RECORDS FOR PROCESSING Start Marker

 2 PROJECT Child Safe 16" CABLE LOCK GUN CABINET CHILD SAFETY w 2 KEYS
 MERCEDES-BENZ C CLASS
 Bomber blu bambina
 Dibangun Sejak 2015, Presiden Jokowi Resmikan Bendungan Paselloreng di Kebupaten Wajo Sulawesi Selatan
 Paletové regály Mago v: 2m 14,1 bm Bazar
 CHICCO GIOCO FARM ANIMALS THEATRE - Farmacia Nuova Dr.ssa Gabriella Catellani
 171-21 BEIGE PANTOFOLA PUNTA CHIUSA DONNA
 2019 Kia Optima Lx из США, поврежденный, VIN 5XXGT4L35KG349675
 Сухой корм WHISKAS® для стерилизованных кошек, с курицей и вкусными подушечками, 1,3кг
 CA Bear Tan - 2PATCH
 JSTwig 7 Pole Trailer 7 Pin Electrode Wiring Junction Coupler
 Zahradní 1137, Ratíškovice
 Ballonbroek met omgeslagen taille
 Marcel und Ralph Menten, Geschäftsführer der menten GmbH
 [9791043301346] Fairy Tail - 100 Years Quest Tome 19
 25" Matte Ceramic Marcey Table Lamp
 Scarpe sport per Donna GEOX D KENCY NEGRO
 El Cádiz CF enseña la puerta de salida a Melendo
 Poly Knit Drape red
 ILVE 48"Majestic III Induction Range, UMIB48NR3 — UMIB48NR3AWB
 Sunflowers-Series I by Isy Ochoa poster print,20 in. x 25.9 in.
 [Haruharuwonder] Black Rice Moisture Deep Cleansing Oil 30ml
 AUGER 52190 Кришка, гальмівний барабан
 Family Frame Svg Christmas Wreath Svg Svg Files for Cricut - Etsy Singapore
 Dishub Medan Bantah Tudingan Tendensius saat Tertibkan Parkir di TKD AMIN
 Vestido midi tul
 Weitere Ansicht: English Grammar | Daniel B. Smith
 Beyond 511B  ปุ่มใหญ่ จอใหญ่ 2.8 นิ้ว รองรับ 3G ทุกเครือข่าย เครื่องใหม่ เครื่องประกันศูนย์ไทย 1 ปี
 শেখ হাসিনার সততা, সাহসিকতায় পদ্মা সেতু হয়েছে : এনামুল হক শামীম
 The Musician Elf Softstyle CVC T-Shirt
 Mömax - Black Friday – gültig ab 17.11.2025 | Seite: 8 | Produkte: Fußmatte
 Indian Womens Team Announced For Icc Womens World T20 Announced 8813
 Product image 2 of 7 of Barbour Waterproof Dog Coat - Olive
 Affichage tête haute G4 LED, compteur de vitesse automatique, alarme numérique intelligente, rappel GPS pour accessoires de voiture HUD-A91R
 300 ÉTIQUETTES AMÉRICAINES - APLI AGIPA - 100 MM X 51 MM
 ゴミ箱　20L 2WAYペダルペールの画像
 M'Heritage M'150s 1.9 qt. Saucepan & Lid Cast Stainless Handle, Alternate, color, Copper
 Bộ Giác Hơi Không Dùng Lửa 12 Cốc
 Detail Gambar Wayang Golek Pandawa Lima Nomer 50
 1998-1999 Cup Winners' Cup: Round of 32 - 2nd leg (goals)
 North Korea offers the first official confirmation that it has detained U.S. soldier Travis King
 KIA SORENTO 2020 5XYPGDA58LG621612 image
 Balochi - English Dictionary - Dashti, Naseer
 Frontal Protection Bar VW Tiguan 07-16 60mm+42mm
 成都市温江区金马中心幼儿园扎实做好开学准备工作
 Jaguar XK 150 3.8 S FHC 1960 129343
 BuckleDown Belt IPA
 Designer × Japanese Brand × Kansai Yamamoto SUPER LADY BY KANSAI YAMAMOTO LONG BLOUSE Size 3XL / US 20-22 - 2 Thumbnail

RECORDS FOR PROCESSING End Marker

## [WORK REQUIRED]
All of the material must be given again without any change.

## [SOLUTION FOR THIS EXERCISE]
 2 PROJECT Child Safe 16" CABLE LOCK GUN CABINET CHILD SAFETY w 2 KEYS
 MERCEDES-BENZ C CLASS
 Bomber blu bambina
 Dibangun Sejak 2015, Presiden Jokowi Resmikan Bendungan Paselloreng di Kebupaten Wajo Sulawesi Selatan
 Paletové regály Mago v: 2m 14,1 bm Bazar
 CHICCO GIOCO FARM ANIMALS THEATRE - Farmacia Nuova Dr.ssa Gabriella Catellani
 171-21 BEIGE PANTOFOLA PUNTA CHIUSA DONNA
 2019 Kia Optima Lx из США, поврежденный, VIN 5XXGT4L35KG349675
 Сухой корм WHISKAS® для стерилизованных кошек, с курицей и вкусными подушечками, 1,3кг
 CA Bear Tan - 2PATCH
 JSTwig 7 Pole Trailer 7 Pin Electrode Wiring Junction Coupler
 Zahradní 1137, Ratíškovice
 Ballonbroek met omgeslagen taille
 Marcel und Ralph Menten, Geschäftsführer der menten GmbH
 [9791043301346] Fairy Tail - 100 Years Quest Tome 19
 25" Matte Ceramic Marcey Table Lamp
 Scarpe sport per Donna GEOX D KENCY NEGRO
 El Cádiz CF enseña la puerta de salida a Melendo
 Poly Knit Drape red
 ILVE 48"Majestic III Induction Range, UMIB48NR3 — UMIB48NR3AWB
 Sunflowers-Series I by Isy Ochoa poster print,20 in. x 25.9 in.
 [Haruharuwonder] Black Rice Moisture Deep Cleansing Oil 30ml
 AUGER 52190 Кришка, гальмівний барабан
 Family Frame Svg Christmas Wreath Svg Svg Files for Cricut - Etsy Singapore
 Dishub Medan Bantah Tudingan Tendensius saat Tertibkan Parkir di TKD AMIN
 Vestido midi tul
 Weitere Ansicht: English Grammar | Daniel B. Smith
 Beyond 511B  ปุ่มใหญ่ จอใหญ่ 2.8 นิ้ว รองรับ 3G ทุกเครือข่าย เครื่องใหม่ เครื่องประกันศูนย์ไทย 1 ปี
 শেখ হাসিনার সততা, সাহসিকতায় পদ্মা সেতু হয়েছে : এনামুল হক শামীম
 The Musician Elf Softstyle CVC T-Shirt
 Mömax - Black Friday – gültig ab 17.11.2025 | Seite: 8 | Produkte: Fußmatte
 Indian Womens Team Announced For Icc Womens World T20 Announced 8813
 Product image 2 of 7 of Barbour Waterproof Dog Coat - Olive
 Affichage tête haute G4 LED, compteur de vitesse automatique, alarme numérique intelligente, rappel GPS pour accessoires de voiture HUD-A91R
 300 ÉTIQUETTES AMÉRICAINES - APLI AGIPA - 100 MM X 51 MM
 ゴミ箱　20L 2WAYペダルペールの画像
 M'Heritage M'150s 1.9 qt. Saucepan & Lid Cast Stainless Handle, Alternate, color, Copper
 Bộ Giác Hơi Không Dùng Lửa 12 Cốc
 Detail Gambar Wayang Golek Pandawa Lima Nomer 50
 1998-1999 Cup Winners' Cup: Round of 32 - 2nd leg (goals)
 North Korea offers the first official confirmation that it has detained U.S. soldier Travis King
 KIA SORENTO 2020 5XYPGDA58LG621612 image
 Balochi - English Dictionary - Dashti, Naseer
 Frontal Protection Bar VW Tiguan 07-16 60mm+42mm
 成都市温江区金马中心幼儿园扎实做好开学准备工作
 Jaguar XK 150 3.8 S FHC 1960 129343
 BuckleDown Belt IPA
 Designer × Japanese Brand × Kansai Yamamoto SUPER LADY BY KANSAI YAMAMOTO LONG BLOUSE Size 3XL / US 20-22 - 2 Thumbnail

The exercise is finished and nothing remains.